Given records below:
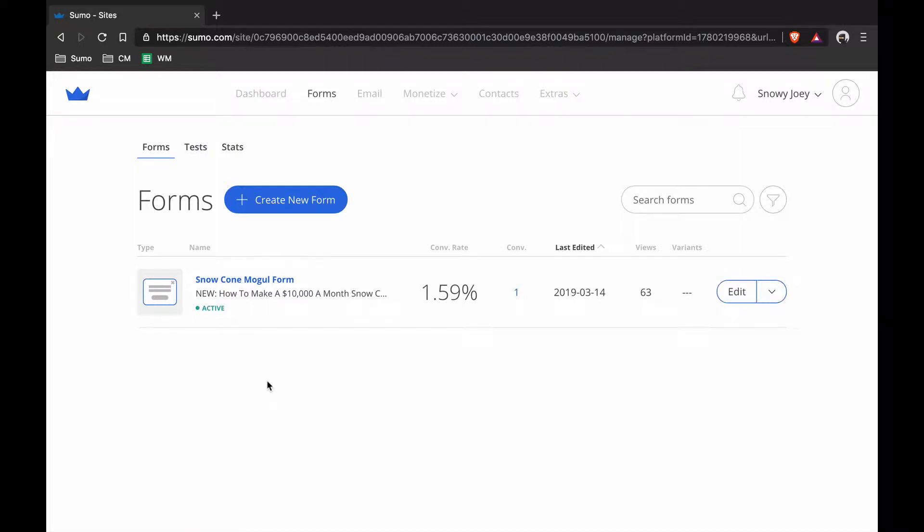What's up? It's Chris here from sumo.com. In this video, I'm going to show you how to create an email collection form using Sumo.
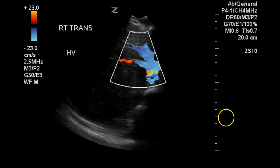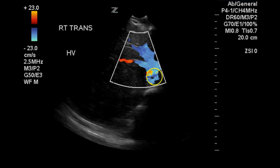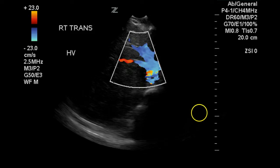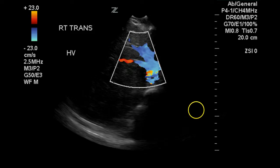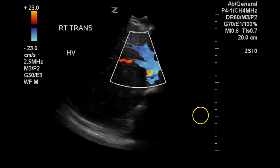This is a normal direction, although a small amount of reverse flow in the central portions of the hepatic veins is normal due to the atrial kick.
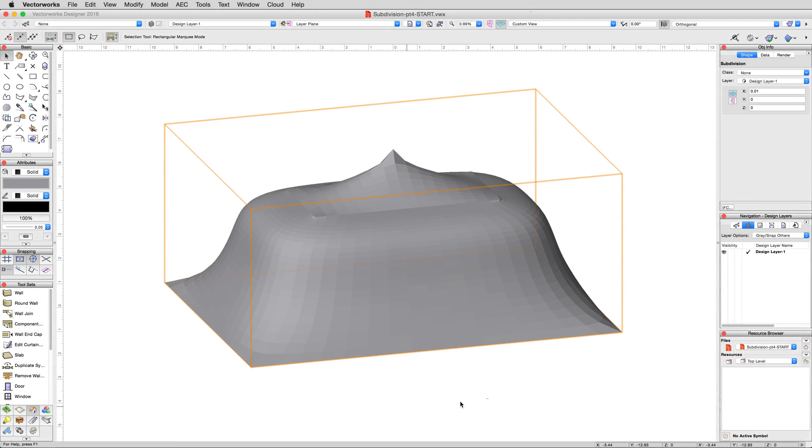Go ahead and open up the exercise file for this section. We're going to refine this tent shape a bit further before we finish with it.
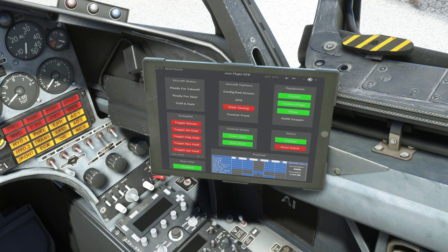We'll start by looking at the EFB tablet. The current outside air temperature is now shown, which is useful for predicting icing conditions. The version number that you currently have installed is shown in the top left corner. The EFB can now be toggled between two positions for better usability, especially in VR.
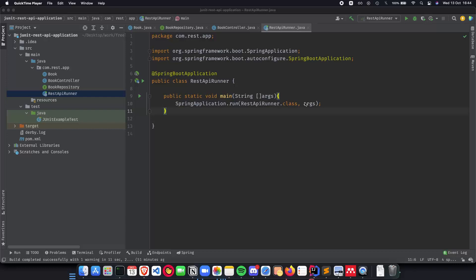In the previous videos we had built our SDPI, we had built the domain and persistence layers for our application. We also created the business layer for our application.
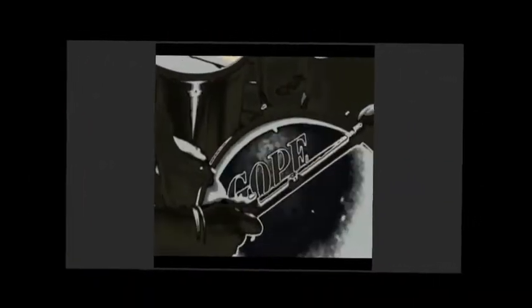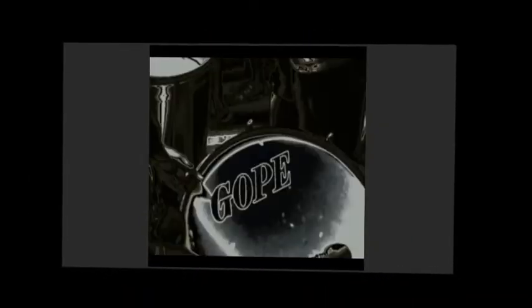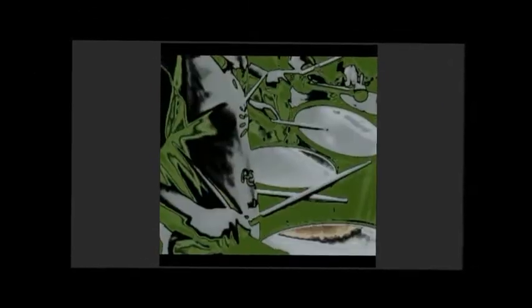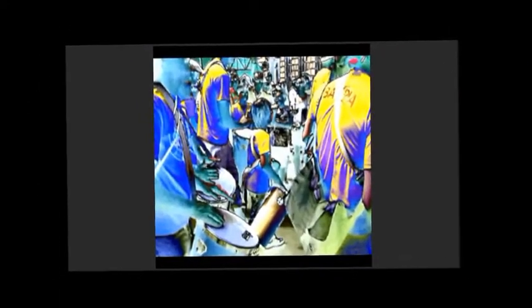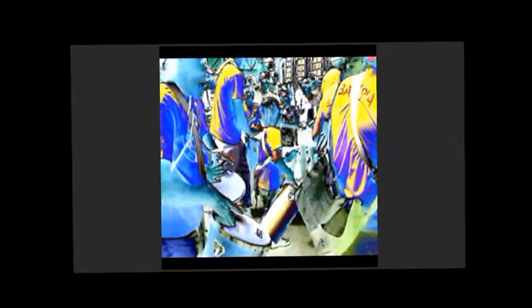Ay ay diddi dum de ay ay ay ay. Ay ay diddi dum de ay ay ay ay ay ay. Hi, hi, hi.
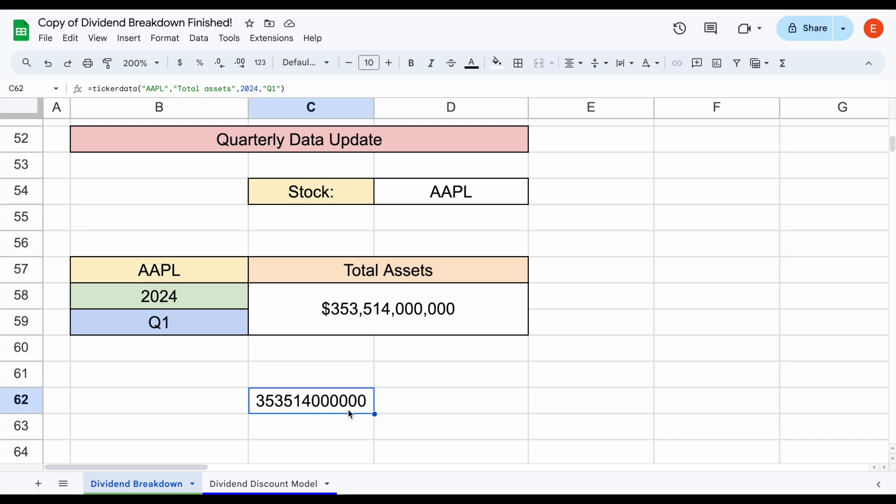So like always, if you'd like to access the ticker data add-on in Google Sheets and any of the ticker data premium sheets, you can get a seven day free trial at the link in the description. So with all that being said, thank you so much for watching and please don't forget to like and subscribe to the channel.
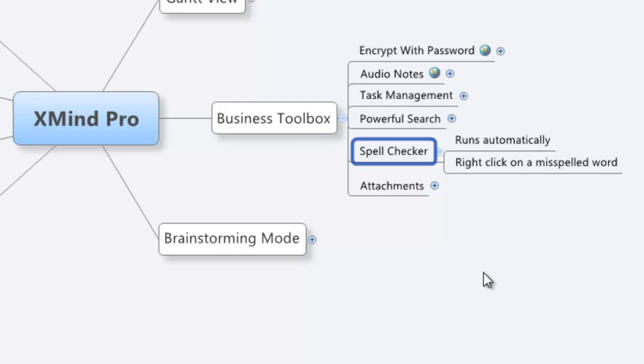The Spell Checker feature in XMind Pro is pretty cool. It's part of the business toolbox, which means it's not going to work for the free version of XMind, but if you have XMind Pro or an XMind subscription, you're good to go.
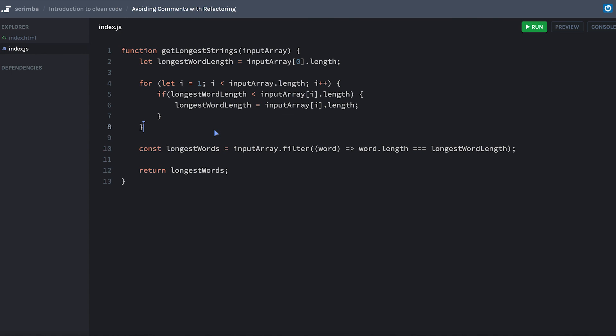To our better comments, which in this case is actually removing a lot of comments. Let's go ahead and look at some other examples.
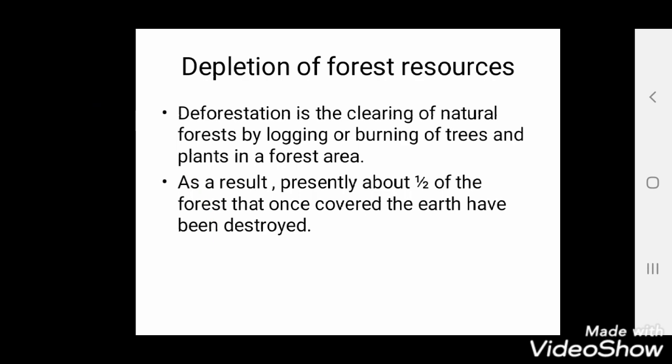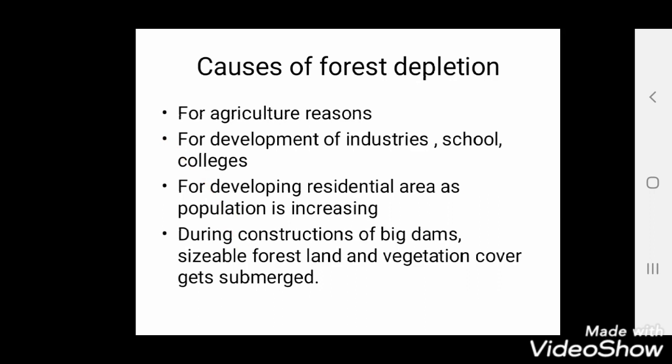The next point is depletion of forest resources — we know this as deforestation, which means clearing the forest. We clear forests for our benefit only, with an attitude of: who cares about the environment, who cares about the animals living there, I need land so I will clear the forest. As a result, presently about half of the forests that once covered the earth have been destroyed. The earth now has very few forests left.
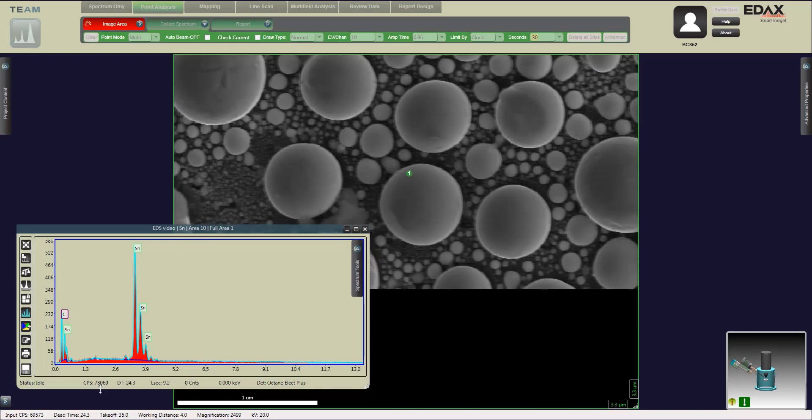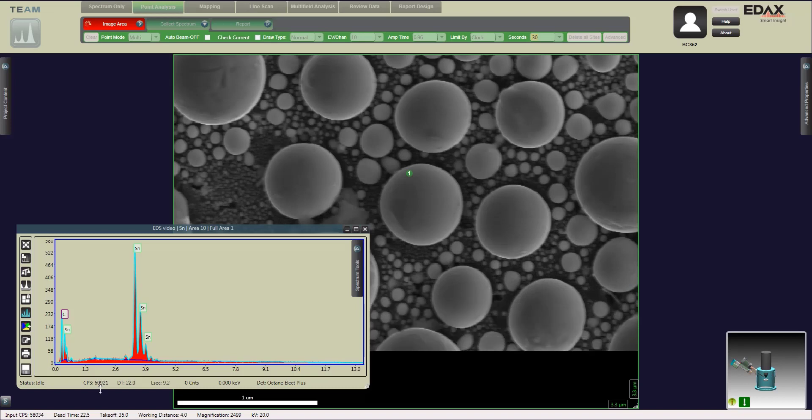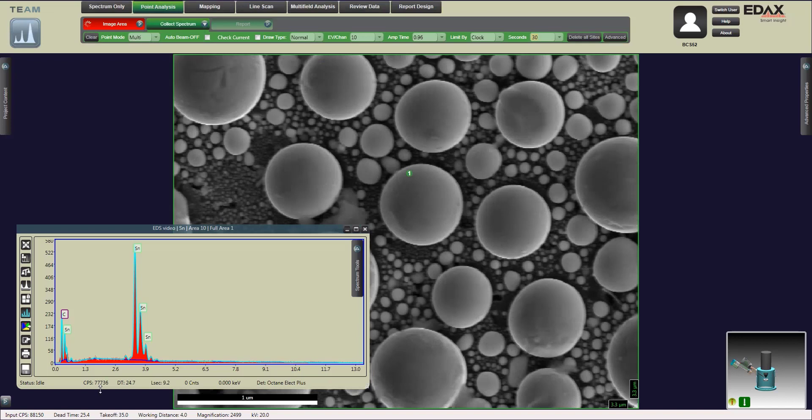With the sample, the bright spots we see, the strips we see are the tin. Some of the darker areas is going to be carbon. When it hits the carbon, it's going to drop a little bit lower. When it hits the tin, it's going to increase.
End of Given records.
- Problem statement
No pictures should appear in the copy. Print exactly the lines above from the line containing "To our better" through the last line of the data.

- Exercise output
To our better comments, which in this case is actually removing a lot of comments. Let's go ahead and look at some other examples.
The next point is depletion of forest resources — we know this as deforestation, which means clearing the forest. We clear forests for our benefit only, with an attitude of: who cares about the environment, who cares about the animals living there, I need land so I will clear the forest. As a result, presently about half of the forests that once covered the earth have been destroyed. The earth now has very few forests left.
With the sample, the bright spots we see, the strips we see are the tin. Some of the darker areas is going to be carbon. When it hits the carbon, it's going to drop a little bit lower. When it hits the tin, it's going to increase.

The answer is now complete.